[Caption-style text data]
☆ ☆ ☆ ☆ ☆

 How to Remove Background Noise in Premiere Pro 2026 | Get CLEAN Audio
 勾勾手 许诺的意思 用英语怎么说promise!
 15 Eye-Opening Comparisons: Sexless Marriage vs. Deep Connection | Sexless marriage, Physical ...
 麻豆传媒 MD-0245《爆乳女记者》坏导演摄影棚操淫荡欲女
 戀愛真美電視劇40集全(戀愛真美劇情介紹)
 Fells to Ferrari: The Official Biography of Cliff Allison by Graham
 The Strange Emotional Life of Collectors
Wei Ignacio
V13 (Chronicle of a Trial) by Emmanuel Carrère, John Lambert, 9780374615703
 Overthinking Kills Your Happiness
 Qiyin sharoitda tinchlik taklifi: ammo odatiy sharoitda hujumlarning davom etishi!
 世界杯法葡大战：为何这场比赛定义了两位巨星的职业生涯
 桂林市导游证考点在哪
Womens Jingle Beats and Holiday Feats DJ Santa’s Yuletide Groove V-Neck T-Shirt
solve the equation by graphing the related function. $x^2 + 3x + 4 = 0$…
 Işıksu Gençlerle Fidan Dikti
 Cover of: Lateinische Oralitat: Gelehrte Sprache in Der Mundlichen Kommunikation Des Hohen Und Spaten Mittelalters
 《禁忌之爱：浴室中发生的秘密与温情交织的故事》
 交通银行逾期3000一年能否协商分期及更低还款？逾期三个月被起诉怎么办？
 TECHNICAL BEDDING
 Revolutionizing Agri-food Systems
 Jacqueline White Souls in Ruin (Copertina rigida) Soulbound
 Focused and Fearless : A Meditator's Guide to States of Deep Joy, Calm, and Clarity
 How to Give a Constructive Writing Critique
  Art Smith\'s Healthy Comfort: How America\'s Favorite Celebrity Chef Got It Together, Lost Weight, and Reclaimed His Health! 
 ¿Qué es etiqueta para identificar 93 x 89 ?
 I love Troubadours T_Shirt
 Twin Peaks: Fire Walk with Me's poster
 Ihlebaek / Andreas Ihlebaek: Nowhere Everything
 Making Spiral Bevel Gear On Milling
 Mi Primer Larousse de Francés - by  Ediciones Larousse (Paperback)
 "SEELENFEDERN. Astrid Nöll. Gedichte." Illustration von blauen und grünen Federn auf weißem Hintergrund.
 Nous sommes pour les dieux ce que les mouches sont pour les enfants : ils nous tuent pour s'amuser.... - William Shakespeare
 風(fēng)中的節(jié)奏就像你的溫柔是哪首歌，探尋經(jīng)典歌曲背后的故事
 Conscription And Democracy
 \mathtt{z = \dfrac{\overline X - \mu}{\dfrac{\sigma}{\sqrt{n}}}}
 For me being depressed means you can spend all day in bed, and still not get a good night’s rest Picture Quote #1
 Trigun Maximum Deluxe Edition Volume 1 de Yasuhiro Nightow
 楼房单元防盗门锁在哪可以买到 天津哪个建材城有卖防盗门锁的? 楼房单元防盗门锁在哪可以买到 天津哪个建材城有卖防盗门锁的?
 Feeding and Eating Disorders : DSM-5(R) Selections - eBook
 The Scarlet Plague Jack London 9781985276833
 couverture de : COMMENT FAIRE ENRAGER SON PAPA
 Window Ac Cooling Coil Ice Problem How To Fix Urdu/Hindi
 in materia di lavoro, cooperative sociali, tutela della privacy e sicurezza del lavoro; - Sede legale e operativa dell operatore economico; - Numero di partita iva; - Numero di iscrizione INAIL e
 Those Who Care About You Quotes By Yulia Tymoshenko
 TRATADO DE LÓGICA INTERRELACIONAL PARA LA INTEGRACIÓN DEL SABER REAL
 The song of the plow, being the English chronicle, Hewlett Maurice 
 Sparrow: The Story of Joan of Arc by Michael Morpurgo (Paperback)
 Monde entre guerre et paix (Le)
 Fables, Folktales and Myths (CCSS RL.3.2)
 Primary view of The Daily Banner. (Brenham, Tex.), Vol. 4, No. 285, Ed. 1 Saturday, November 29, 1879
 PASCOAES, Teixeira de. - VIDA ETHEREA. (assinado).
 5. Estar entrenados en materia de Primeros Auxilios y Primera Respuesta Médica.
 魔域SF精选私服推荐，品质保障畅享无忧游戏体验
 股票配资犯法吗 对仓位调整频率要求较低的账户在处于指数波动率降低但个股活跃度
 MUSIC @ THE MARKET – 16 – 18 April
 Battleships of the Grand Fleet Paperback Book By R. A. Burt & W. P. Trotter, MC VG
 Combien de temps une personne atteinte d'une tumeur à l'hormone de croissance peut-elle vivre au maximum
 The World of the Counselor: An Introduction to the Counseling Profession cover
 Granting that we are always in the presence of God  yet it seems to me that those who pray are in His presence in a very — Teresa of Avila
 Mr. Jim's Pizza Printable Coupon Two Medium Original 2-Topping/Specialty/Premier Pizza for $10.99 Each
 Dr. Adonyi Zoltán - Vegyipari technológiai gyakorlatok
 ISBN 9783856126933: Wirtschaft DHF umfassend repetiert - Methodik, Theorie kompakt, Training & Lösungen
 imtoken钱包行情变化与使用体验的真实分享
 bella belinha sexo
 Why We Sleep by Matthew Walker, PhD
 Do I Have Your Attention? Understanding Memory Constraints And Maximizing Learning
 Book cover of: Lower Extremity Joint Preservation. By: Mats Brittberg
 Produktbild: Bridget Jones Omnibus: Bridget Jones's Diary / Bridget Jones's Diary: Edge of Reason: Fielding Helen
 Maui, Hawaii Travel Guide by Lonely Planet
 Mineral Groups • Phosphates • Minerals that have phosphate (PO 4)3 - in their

☆ ☆ ☆ ☆ ☆

Word for word, write out every entry shown above.

• Solution:
 How to Remove Background Noise in Premiere Pro 2026 | Get CLEAN Audio
 勾勾手 许诺的意思 用英语怎么说promise!
 15 Eye-Opening Comparisons: Sexless Marriage vs. Deep Connection | Sexless marriage, Physical ...
 麻豆传媒 MD-0245《爆乳女记者》坏导演摄影棚操淫荡欲女
 戀愛真美電視劇40集全(戀愛真美劇情介紹)
 Fells to Ferrari: The Official Biography of Cliff Allison by Graham
 The Strange Emotional Life of Collectors
Wei Ignacio
V13 (Chronicle of a Trial) by Emmanuel Carrère, John Lambert, 9780374615703
 Overthinking Kills Your Happiness
 Qiyin sharoitda tinchlik taklifi: ammo odatiy sharoitda hujumlarning davom etishi!
 世界杯法葡大战：为何这场比赛定义了两位巨星的职业生涯
 桂林市导游证考点在哪
Womens Jingle Beats and Holiday Feats DJ Santa’s Yuletide Groove V-Neck T-Shirt
solve the equation by graphing the related function. $x^2 + 3x + 4 = 0$…
 Işıksu Gençlerle Fidan Dikti
 Cover of: Lateinische Oralitat: Gelehrte Sprache in Der Mundlichen Kommunikation Des Hohen Und Spaten Mittelalters
 《禁忌之爱：浴室中发生的秘密与温情交织的故事》
 交通银行逾期3000一年能否协商分期及更低还款？逾期三个月被起诉怎么办？
 TECHNICAL BEDDING
 Revolutionizing Agri-food Systems
 Jacqueline White Souls in Ruin (Copertina rigida) Soulbound
 Focused and Fearless : A Meditator's Guide to States of Deep Joy, Calm, and Clarity
 How to Give a Constructive Writing Critique
  Art Smith\'s Healthy Comfort: How America\'s Favorite Celebrity Chef Got It Together, Lost Weight, and Reclaimed His Health! 
 ¿Qué es etiqueta para identificar 93 x 89 ?
 I love Troubadours T_Shirt
 Twin Peaks: Fire Walk with Me's poster
 Ihlebaek / Andreas Ihlebaek: Nowhere Everything
 Making Spiral Bevel Gear On Milling
 Mi Primer Larousse de Francés - by  Ediciones Larousse (Paperback)
 "SEELENFEDERN. Astrid Nöll. Gedichte." Illustration von blauen und grünen Federn auf weißem Hintergrund.
 Nous sommes pour les dieux ce que les mouches sont pour les enfants : ils nous tuent pour s'amuser.... - William Shakespeare
 風(fēng)中的節(jié)奏就像你的溫柔是哪首歌，探尋經(jīng)典歌曲背后的故事
 Conscription And Democracy
 \mathtt{z = \dfrac{\overline X - \mu}{\dfrac{\sigma}{\sqrt{n}}}}
 For me being depressed means you can spend all day in bed, and still not get a good night’s rest Picture Quote #1
 Trigun Maximum Deluxe Edition Volume 1 de Yasuhiro Nightow
 楼房单元防盗门锁在哪可以买到 天津哪个建材城有卖防盗门锁的? 楼房单元防盗门锁在哪可以买到 天津哪个建材城有卖防盗门锁的?
 Feeding and Eating Disorders : DSM-5(R) Selections - eBook
 The Scarlet Plague Jack London 9781985276833
 couverture de : COMMENT FAIRE ENRAGER SON PAPA
 Window Ac Cooling Coil Ice Problem How To Fix Urdu/Hindi
 in materia di lavoro, cooperative sociali, tutela della privacy e sicurezza del lavoro; - Sede legale e operativa dell operatore economico; - Numero di partita iva; - Numero di iscrizione INAIL e
 Those Who Care About You Quotes By Yulia Tymoshenko
 TRATADO DE LÓGICA INTERRELACIONAL PARA LA INTEGRACIÓN DEL SABER REAL
 The song of the plow, being the English chronicle, Hewlett Maurice 
 Sparrow: The Story of Joan of Arc by Michael Morpurgo (Paperback)
 Monde entre guerre et paix (Le)
 Fables, Folktales and Myths (CCSS RL.3.2)
 Primary view of The Daily Banner. (Brenham, Tex.), Vol. 4, No. 285, Ed. 1 Saturday, November 29, 1879
 PASCOAES, Teixeira de. - VIDA ETHEREA. (assinado).
 5. Estar entrenados en materia de Primeros Auxilios y Primera Respuesta Médica.
 魔域SF精选私服推荐，品质保障畅享无忧游戏体验
 股票配资犯法吗 对仓位调整频率要求较低的账户在处于指数波动率降低但个股活跃度
 MUSIC @ THE MARKET – 16 – 18 April
 Battleships of the Grand Fleet Paperback Book By R. A. Burt & W. P. Trotter, MC VG
 Combien de temps une personne atteinte d'une tumeur à l'hormone de croissance peut-elle vivre au maximum
 The World of the Counselor: An Introduction to the Counseling Profession cover
 Granting that we are always in the presence of God  yet it seems to me that those who pray are in His presence in a very — Teresa of Avila
 Mr. Jim's Pizza Printable Coupon Two Medium Original 2-Topping/Specialty/Premier Pizza for $10.99 Each
 Dr. Adonyi Zoltán - Vegyipari technológiai gyakorlatok
 ISBN 9783856126933: Wirtschaft DHF umfassend repetiert - Methodik, Theorie kompakt, Training & Lösungen
 imtoken钱包行情变化与使用体验的真实分享
 bella belinha sexo
 Why We Sleep by Matthew Walker, PhD
 Do I Have Your Attention? Understanding Memory Constraints And Maximizing Learning
 Book cover of: Lower Extremity Joint Preservation. By: Mats Brittberg
 Produktbild: Bridget Jones Omnibus: Bridget Jones's Diary / Bridget Jones's Diary: Edge of Reason: Fielding Helen
 Maui, Hawaii Travel Guide by Lonely Planet
 Mineral Groups • Phosphates • Minerals that have phosphate (PO 4)3 - in their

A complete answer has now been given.